Supercomputer Interconnects

In order for a large number of processors to work together, supercomputers utilize specialized network interfaces. These interconnects support high bandwidth and very low latency communication.

Interconnects join nodes inside the supercomputer together. A node is a communication endpoint running one instance of the operating system. Nodes utilize one or several processors and different types of nodes can exist within the system. Compute nodes, for example, execute the processes and threads required for raw computation. I/O nodes handle the reading and writing of data to disks within the system. Service nodes and network nodes provide the user interface into the system and also network interfaces to the outside world. Special-purpose nodes improve overall performance by segregating the system workload with hardware and system software configured to best handle that workload.

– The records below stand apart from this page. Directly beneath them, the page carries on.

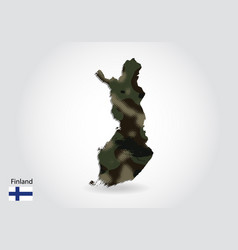 Finland Map With Camouflage Pattern Forest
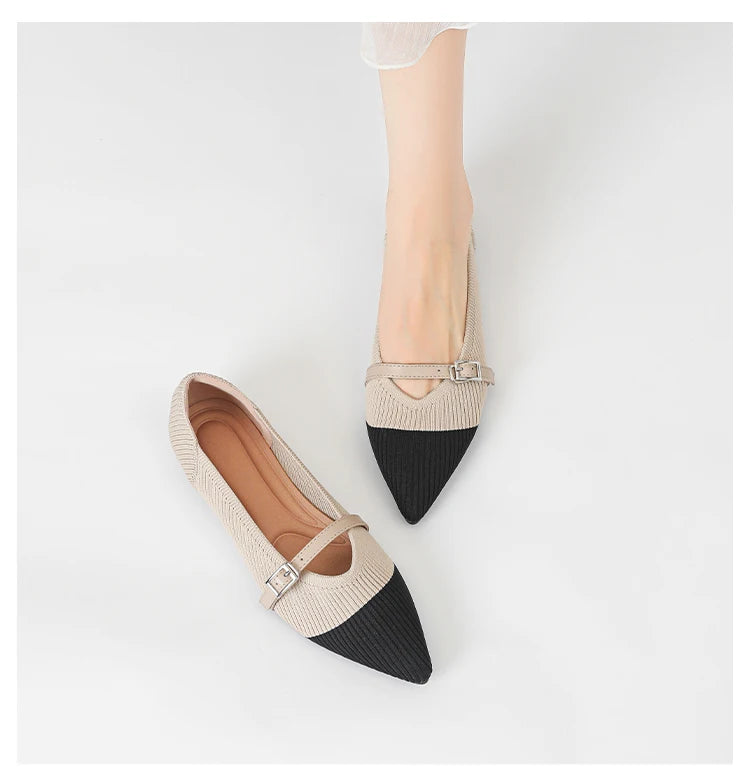 Women's flat shoes with pointed soft knitted sole breathable and comfortable shoes Spring and Autumn 2024 new model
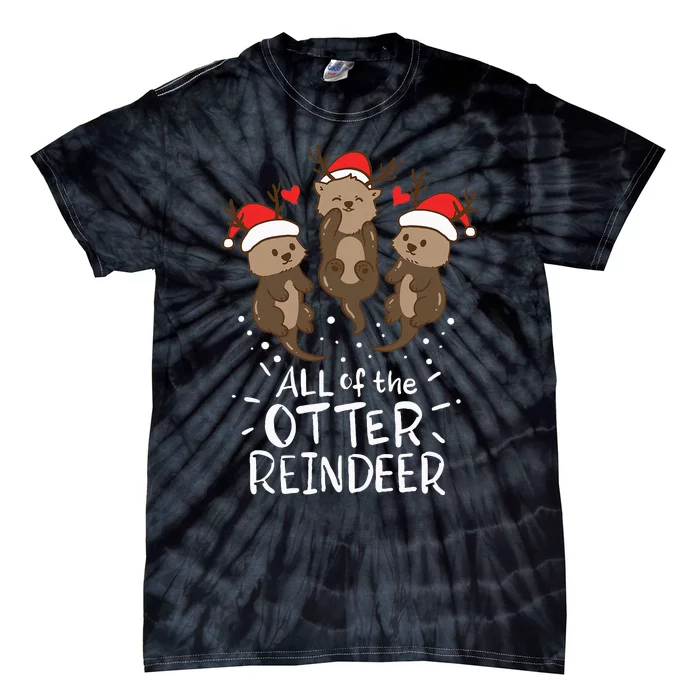 Otter Reindeer Deer Christmas Xmas Gift Present Tie-Dye T-Shirt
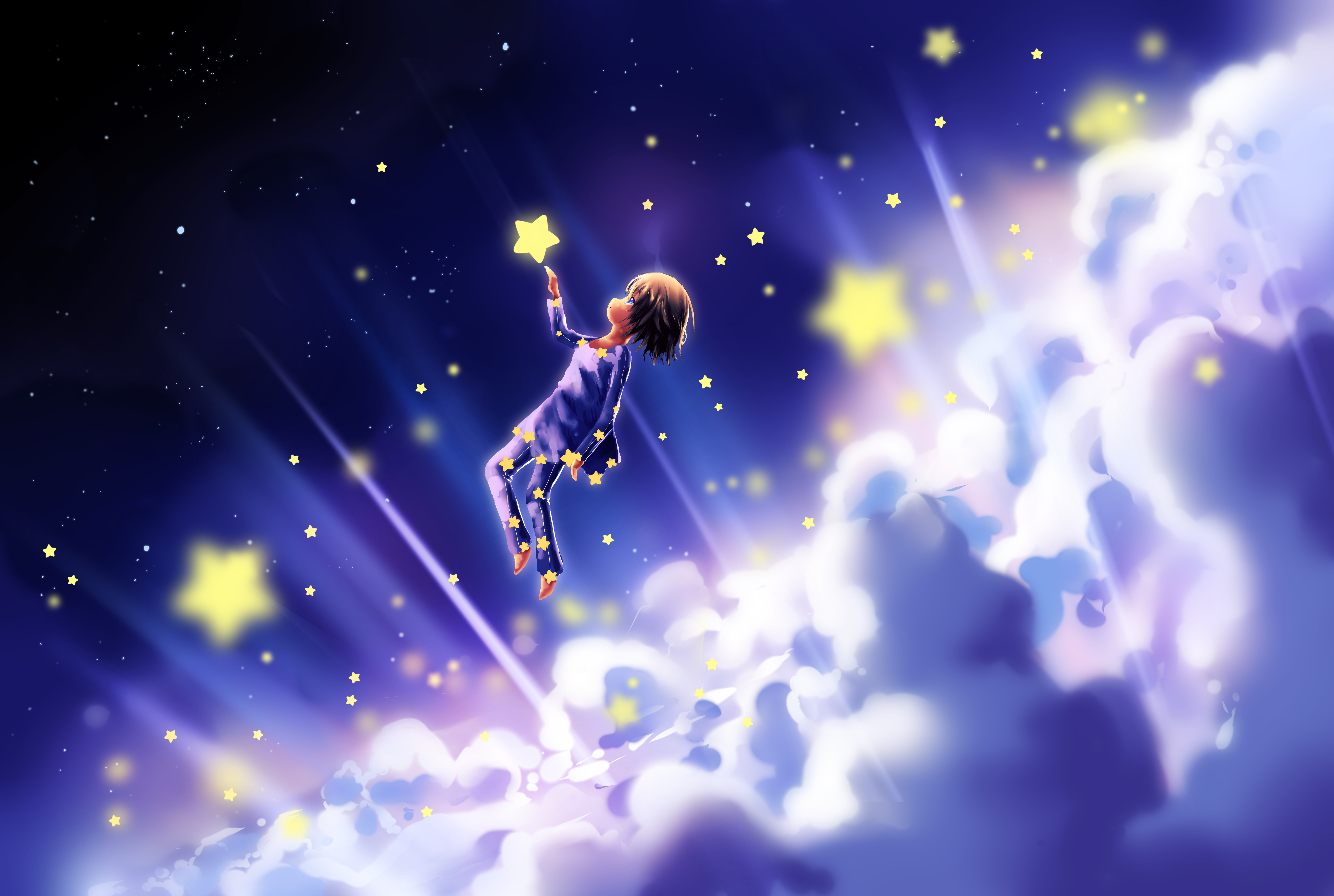 Человек зажигающий звезды. Полет к звездам. Мальчик в космосе. Летающие звезды.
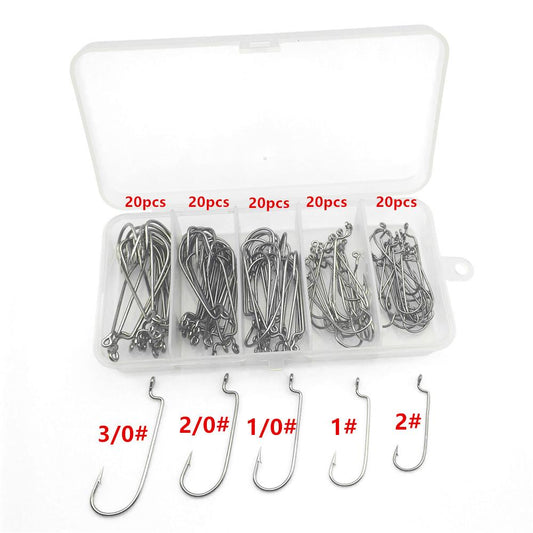 Jig Head Fish Hooks 100PC Set-20 Each of 5 Sizes Segmented Storage Box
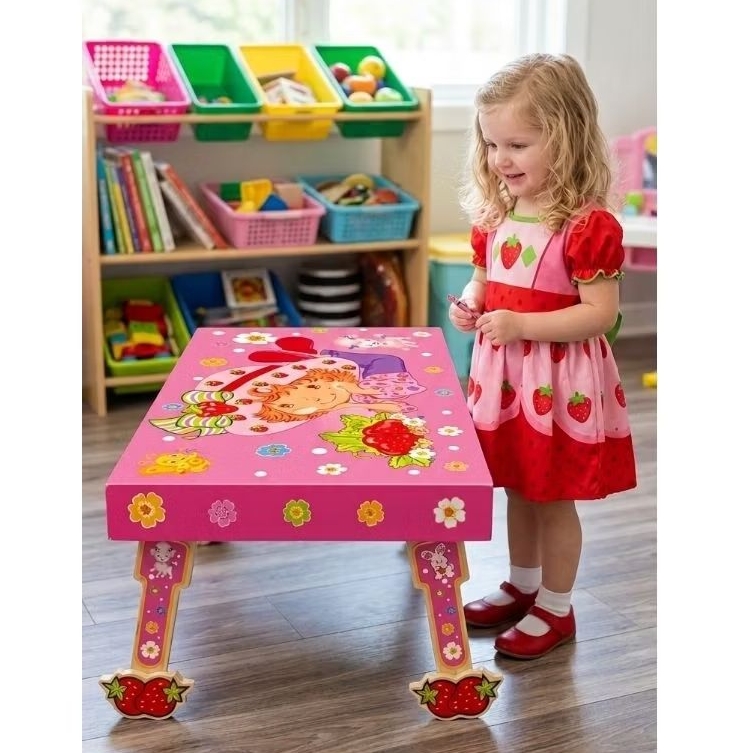 meja lipat pendek strawberry shortcake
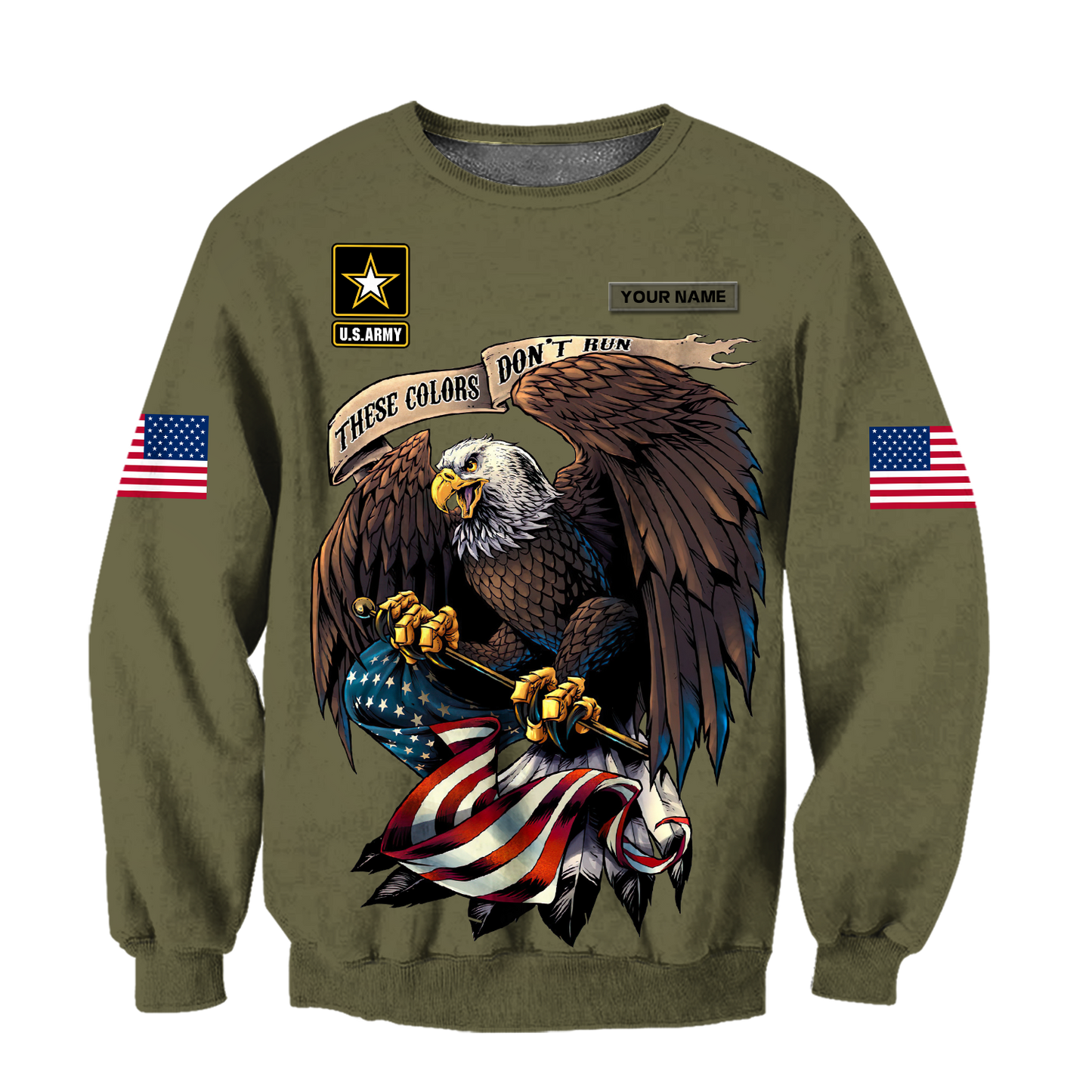Custom name US Army Veteran Basic Eagle 3d printed shirts Proud Military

Supercomputer nodes fit together into a network topology. Modern supercomputers have utilized several different specialized network topologies including hypercube, two-dimensional and three-dimensional mesh, and torus. Supercomputer network topologies can be either static (fixed) or dynamic (through the use of switches).

More on Supercomputer Interconnects

One of the most critical elements of supercomputer networking is routing. Supercomputers that utilize message passing require routing to ensure the individual pieces of a message are routed from source to destination through the topology without creating hotspots (bottlenecks). Advanced routing techniques like wormhole and virtual cut-through routing are employed by today's ASCI supercomputers.

Supercomputers utilize various network protocols. Application data communications generally take place at the physical and data link layers. I/O and communications with external networks utilize technologies like HIPPI, FDDI, and ATM as well as Ethernet.

Supercomputer interconnects involve large quantities of network cabling. These cables can be very difficult to install as they often must fit within small spaces. Supercomputers do not utilize wireless networking internally as the bandwidth and latency properties of wireless are not suitable for high-performance communications.

Supercomputer Operating Systems

Many supercomputers run multiple copies of a UNIX-based operating system. The ASCI White and Blue Pacific systems, for example, run IBM AIX. In the 1990s, research into high-performance network operating systems led to the development of so-called "lightweight" operating systems (O/Ses) that consist of a small, simple kernel with many of the capabilities of a general-purpose O/S removed. The ASCI Red system runs the PUMA O/S on its compute nodes.